▶ **Data excerpts**:
.....

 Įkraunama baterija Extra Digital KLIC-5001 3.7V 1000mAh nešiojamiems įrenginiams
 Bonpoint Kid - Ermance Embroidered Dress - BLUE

.....

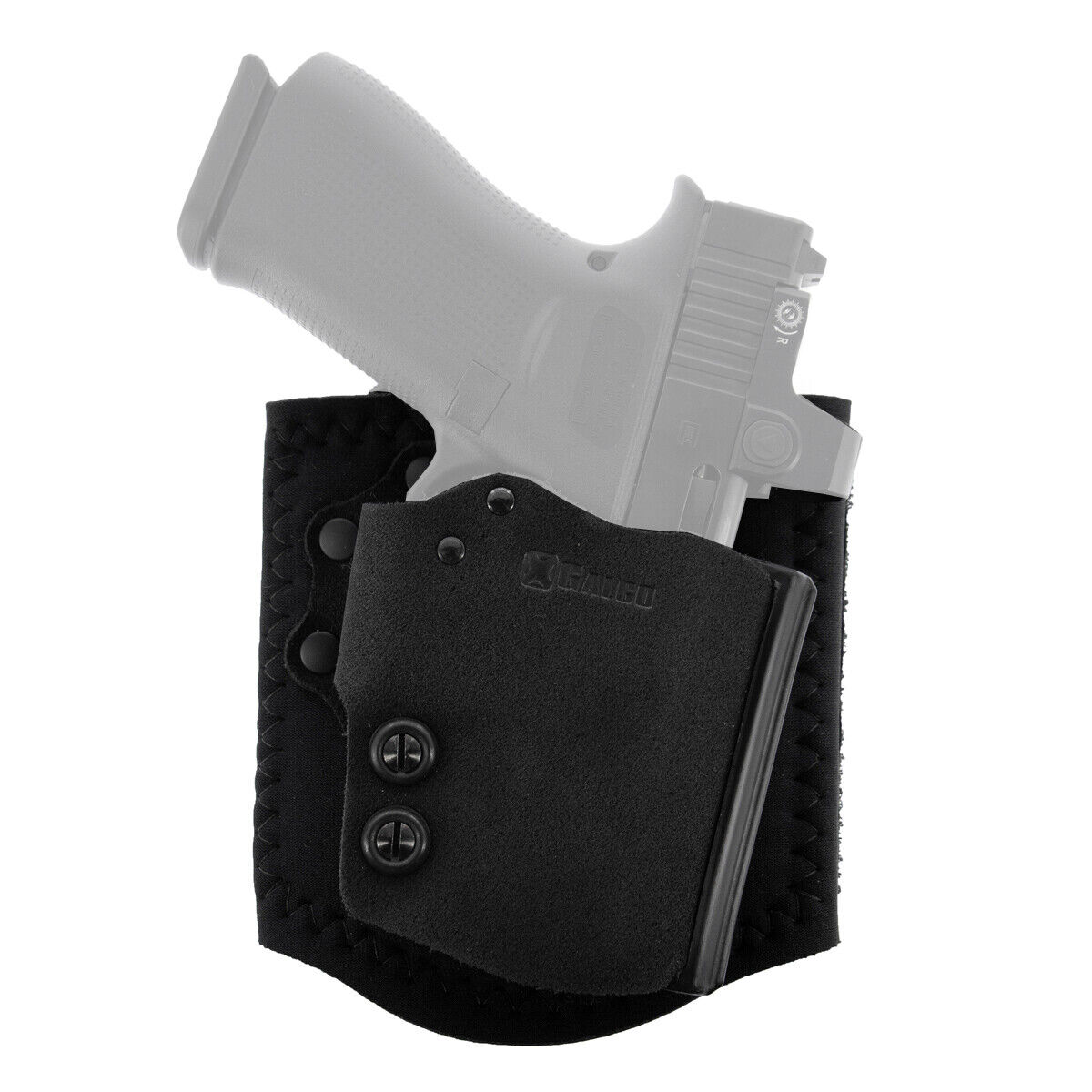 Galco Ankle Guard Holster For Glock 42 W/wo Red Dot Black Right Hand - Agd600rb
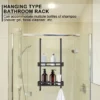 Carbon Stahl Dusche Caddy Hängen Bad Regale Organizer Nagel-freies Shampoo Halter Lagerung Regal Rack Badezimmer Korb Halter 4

.....

▶ **Exercise goal**:
Going back over the entries above, copy word for word every line from the one that has "Įkraunama baterija Extra" on through the one that has "Bonpoint Kid - Ermance".

▶ **Response box**:
 Įkraunama baterija Extra Digital KLIC-5001 3.7V 1000mAh nešiojamiems įrenginiams
 Bonpoint Kid - Ermance Embroidered Dress - BLUE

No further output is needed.